Normally distributed errors assumption is violated (multiple regression)

Hi guys,

I am testing the normally distributed errors assumptions for multiple regression with a visual inspection using a P-Plot plot. Now, I have the suspicion that the errors are not normally distributed (see image below). I have two questions about this:
  • Is there any way to test this statistically and not visually?
  • What are my options when the assumption turns out to be violated? What is the best way to proceed?

Schermafbeelding 2021-05-13 om 09.14.29.png



TS Contributor
The question is: are the residuals normally distributed in the population?
Although widely recommended here, descriptive statistics (including such plots)
from the sample IMHO cannot really answer that question.

On the other hand, inferential tests of normality (there are quite many of them)
are mostly useless. Either sample size is small, and the tests are therefore not
very sensitive (small statistical power). Or, the sample size is large, and even
small deviations from normality become "statistically significant", although they
do not practically matter. So the tests often provide no information about
what to do.

Fortunately, all this normality stuff is usually irrelevant, especially if your sample
size is large enough (about n > 30, or n > 50). The central limit theorem then
makes sure that non-normality of the residuals does not affect the realiabilty
of the F-test. Seemingly, your sample size is large enough.

With kind regards

Last edited:


Less is more. Stay pure. Stay poor.
Yeah, I got this new thing. I have been not typing 'not' in my posts by accident. It is a weird middle age thing I suppose. It will get my in trouble yet. I usually have to reread my emails and posts to check for my brain leaving out words or exchanging words with the same first letter. I should add a post script on all of my messages warning people about this, but I would likely mess that up and the results would be the he always tells the truth and he always lies paradox.

I agree that I would 'not' have concerns with the above figure.

P.S., @shannahw - I like your avatar image. Reminds me of of art from Angie Pickman in Kansas.


No cake for spunky
I think the consensus is with enough cases (say 100) normality does not matter. Some worry about outliers, not normality. They can move the regression line in some cases. But qq plots do not get at the issue of outliers, there are other tests like dfbeta that do.

I would be interested to know why Karabiner thinks QQ plots are not a good way to determine normality (they are highly recommended).

Thank you for your elaborate answer. So, let me resume the main message:
  • There is no method available to properly test the assumption of normality of residuals. This assumption only holds as a theoretical statement about the characteristics to which the population should adhere in order for statistical tests on a sample to be validly generalized to the population.
  • So, descriptive tests (like the P-P and Q-Q plot) and inferential tests (like the Kolmogorov-Smirnov and Shapiro-Wilk) are mostly useless.
You basically state that the only assumption that we can make, is that, when the sample size is big enough, the Central Limit Theorem applies. I am performing moderated mediation with one moderator and one mediator. Therefore, I have 3 predictor variables, but I also include 6 covariates in the model. From a rule of thumb, I am using that the sample size should be about 20 observations per predictor. I have 120 observations, but, when I include all predictors and covariates, I theoretize that I need 9 x 20 = 180 observations in order for the Central Limit Theorem to apply. Based on this information, what would be your approach on making a statement about this assumption?

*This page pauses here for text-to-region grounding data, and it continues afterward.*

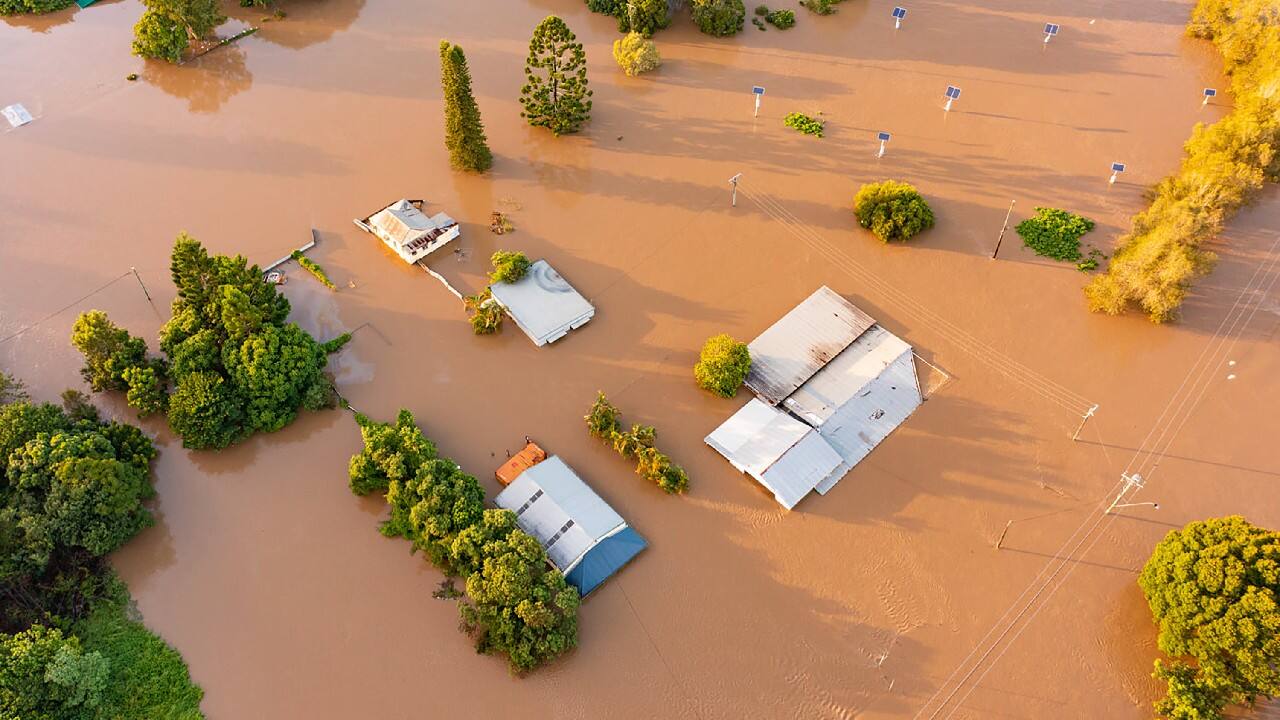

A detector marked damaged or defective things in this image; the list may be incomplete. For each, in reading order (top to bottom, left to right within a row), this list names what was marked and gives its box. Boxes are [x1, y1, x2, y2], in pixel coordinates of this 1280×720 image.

rusty metal roof [747, 284, 875, 404]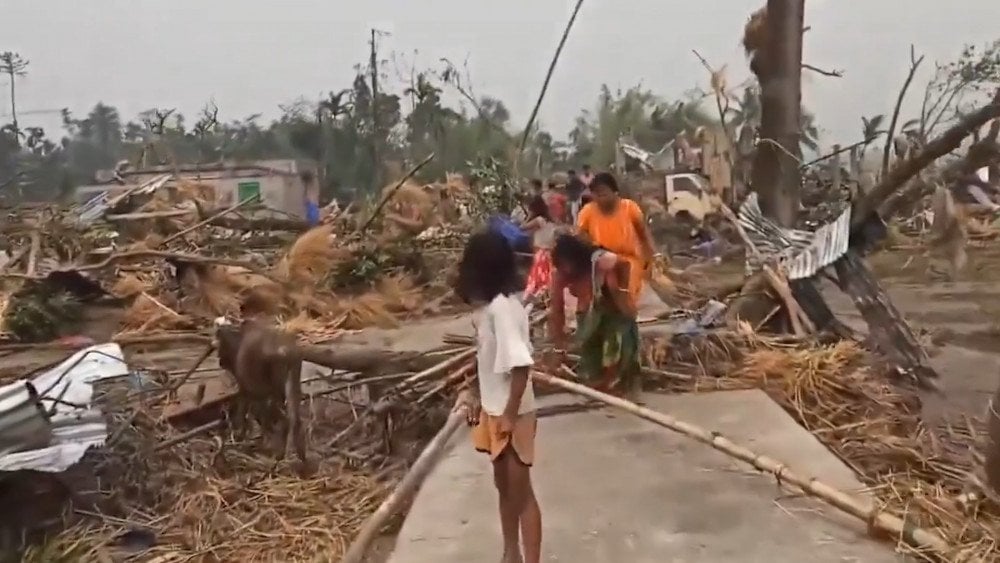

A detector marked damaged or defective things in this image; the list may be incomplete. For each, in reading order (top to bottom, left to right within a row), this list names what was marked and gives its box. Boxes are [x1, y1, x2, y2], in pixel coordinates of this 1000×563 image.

distant damaged house [76, 161, 318, 220]
broken bamboo pole [340, 406, 464, 563]
broken bamboo pole [532, 370, 952, 560]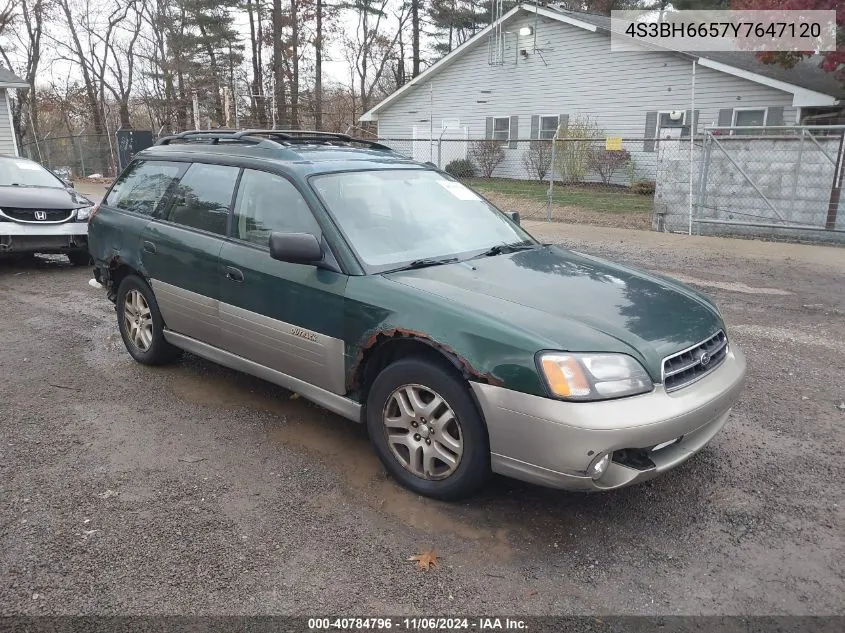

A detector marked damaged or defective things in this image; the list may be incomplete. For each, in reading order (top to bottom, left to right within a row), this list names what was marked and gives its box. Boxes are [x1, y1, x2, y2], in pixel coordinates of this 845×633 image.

rust spot on fender [348, 328, 504, 392]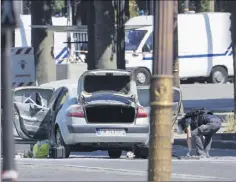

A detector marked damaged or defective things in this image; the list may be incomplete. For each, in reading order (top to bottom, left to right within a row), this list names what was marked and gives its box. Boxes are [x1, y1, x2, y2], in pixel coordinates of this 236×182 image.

damaged vehicle [12, 70, 149, 159]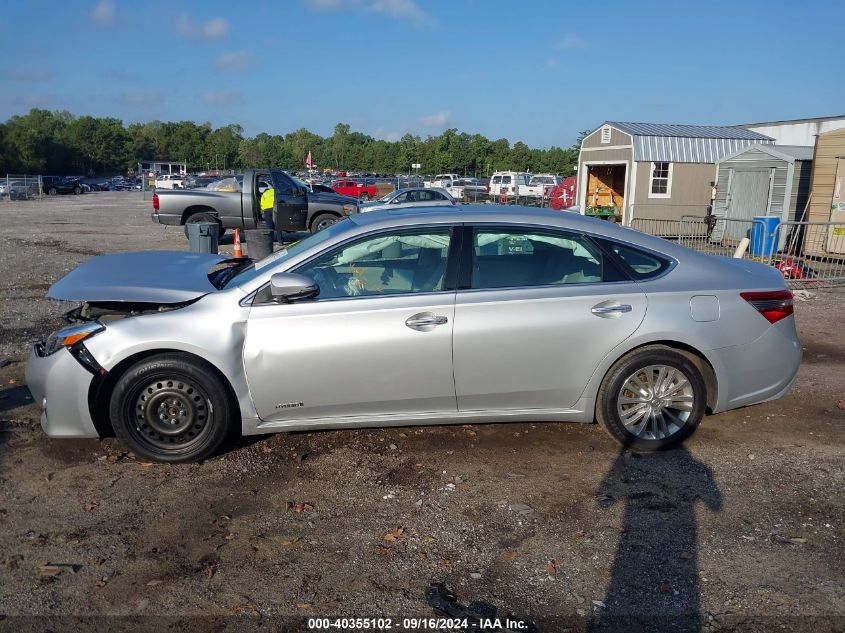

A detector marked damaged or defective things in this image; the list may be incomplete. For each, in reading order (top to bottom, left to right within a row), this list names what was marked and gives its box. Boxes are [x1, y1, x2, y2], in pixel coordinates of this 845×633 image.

crumpled hood [48, 251, 227, 302]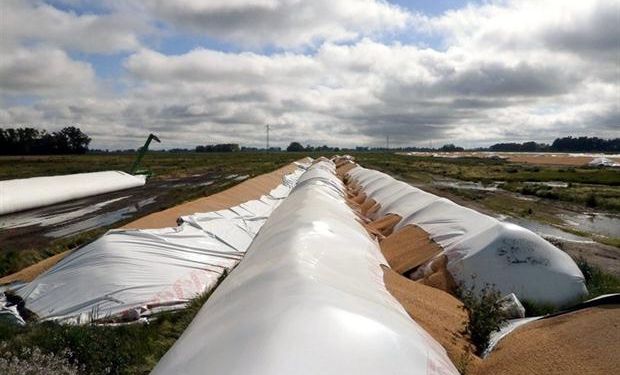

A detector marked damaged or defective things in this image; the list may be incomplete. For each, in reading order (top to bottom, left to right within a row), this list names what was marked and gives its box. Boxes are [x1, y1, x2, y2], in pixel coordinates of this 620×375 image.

damaged plastic sheeting [0, 171, 146, 216]
damaged plastic sheeting [11, 169, 302, 324]
damaged plastic sheeting [152, 161, 458, 375]
damaged plastic sheeting [348, 166, 588, 306]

I am also curious on your apply to @noetsi about the Q-Q plots. I have also run these as a further testing of the assumption (see image).

Schermafbeelding 2021-05-17 om 11.14.36.png

@hlsmith - Thank you. It is an interpretation of Watership Down :). What's yours?


TS Contributor
I would be interested to know why Karabiner thinks QQ plots are not a good way to determine normality (they are highly recommended).
They are sample descriptions. I cannot simply judge from the difference beteen two sample means whether there is a statisticall significant mean difference in the population. I cannot simply judge from a sample q-q-plot whether the residuals are distributed normally in the population.

With kind regards



Less is more. Stay pure. Stay poor.
I haven't read all that is above, but unless I think there are issues I am typically content enough looking at a histogram and qqplot of residuals and any other generated output. I don't get caught up in normality tests, but I acknowledge that I did when I first started out.

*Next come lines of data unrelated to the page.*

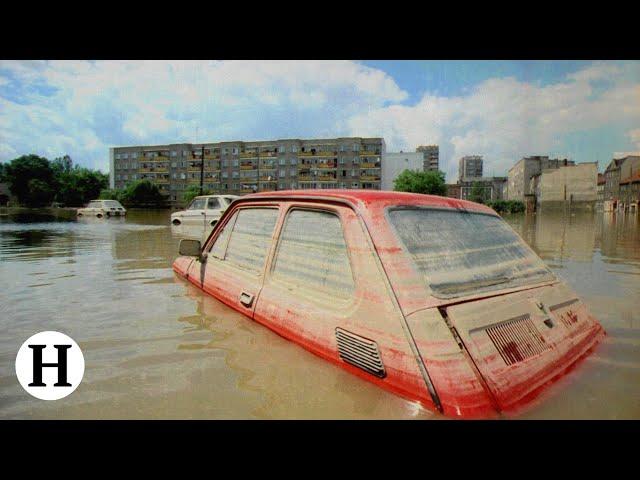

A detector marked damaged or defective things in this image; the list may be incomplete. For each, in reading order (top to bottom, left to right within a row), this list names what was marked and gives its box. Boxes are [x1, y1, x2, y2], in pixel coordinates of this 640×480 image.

rusty car body [171, 189, 604, 418]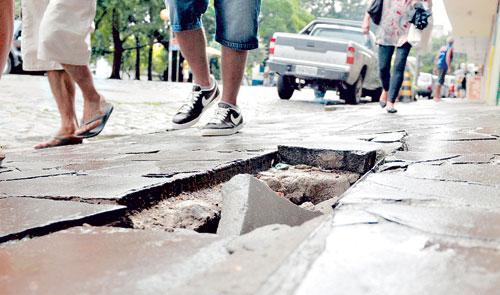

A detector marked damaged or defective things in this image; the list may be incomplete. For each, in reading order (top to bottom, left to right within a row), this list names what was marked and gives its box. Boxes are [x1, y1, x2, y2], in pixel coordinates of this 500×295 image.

broken pavement slab [0, 199, 125, 243]
broken pavement slab [218, 176, 320, 238]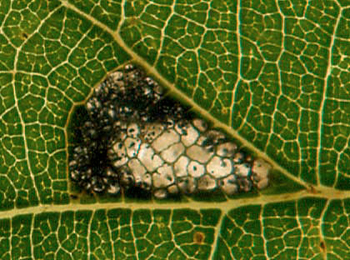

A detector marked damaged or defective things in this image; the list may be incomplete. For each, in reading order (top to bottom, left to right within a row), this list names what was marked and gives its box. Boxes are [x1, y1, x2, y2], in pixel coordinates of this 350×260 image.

larval feeding damage [68, 64, 270, 198]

Well it looks like everything is still going well in the warren in that WD illustration. Mine is a picture my daughter made in art class of her in a spaceship visiting an alien.


Less is more. Stay pure. Stay poor.
Great to hear and welcome to the forum! Side note, if you have ever seen the movie Donnie Darko, they were going to originally use Watership Down as the book covered in his class, but deviated to the fictitious Cellar probably to incorporate the nihism/chaos motif.